Mushroom crepes 2

3 servings

Ingredients

Quantity Ingredient
1 Crepe recipe
½ cup Shiitake mushrooms; dried
2 tablespoons Olive o8il
1 cup Onion; finely chopped
3 Garlic cloves
2 Bay leaves
4 cups Mushrooms, fresh; finely
1 cup ;water or mild vegetable stock
tablespoon Arrowroot OR chopped
1 teaspoon Tarragon
2 tablespoons Whole wheat pastry flour
cup Dry red wine
2 tablespoons Tamari, or to taste
Cayenne to taste
2 teaspoons Kudzu powder
2 tablespoons Dry red wine
1 tablespoon Tamari, or more to taste

Directions

FILLING

SAUCE

Prepare the crepes.

Filling: Place the shiitake mushrooms in a bowl. Cover them with water and let them soak for at least 1 hour.

Discard the stems and finely chop the mushrooms. Set aside.

Heat the oil in a skillet. Add the onion, garlic and bay leaves.

Saute over low heat until the onions are translucent. Add the shiitake mushrooms, the fresh mushrooms, and the tarragon. Cook until the mushrooms are done.

Stir in the flour and mix well. Pour in the wine while continuing to stir. Cook until the mixture thickens.

Add the tamari and cayenne to taste. Set the filling aside while you make the sauce.

Sauce: Dissolve the arrowroot or kudzu in the water.

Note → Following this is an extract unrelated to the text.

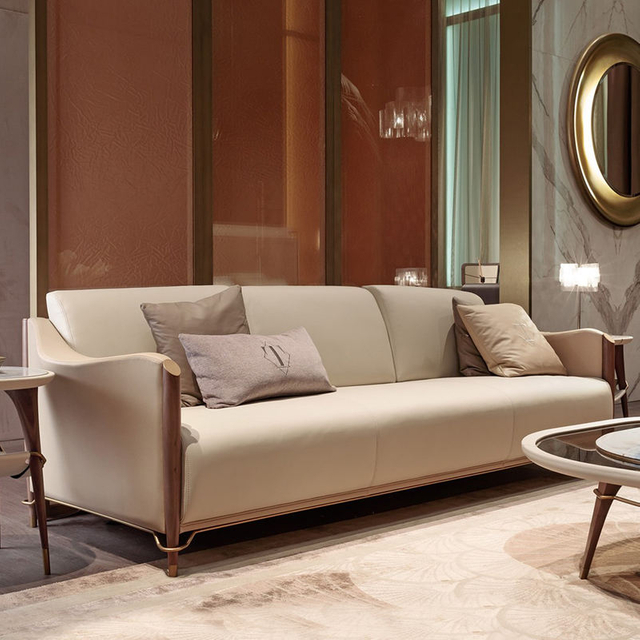 Modern Luxury 3 Seater Couch Sofa Upholstered Living Room Furniture Hotel Leather Sofa Set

Add the wine. Cook in small saucepan over high heat, stirring constantly, until the sauce thickens. This is not supposed to be very thick, so do not overcook it.

Add the tamari to taste and mix well.

To assemble: If the filling mixture has cooled down, heat it by returning the skillet to the stove and stirring the mixture over medium-high heat until it is hot.

Place about ¼ cup of filling in the center of each crepe and roll up the crepes.

Place the crepes on individual serving plates. Pour some of the sauce over each crepe and serve.

Note: If you made the crepes earlier and want to heat them up, place the unfilled crepes in a cake pan, cover them with aluminum foil, and bake them at 350 degrees until heated through.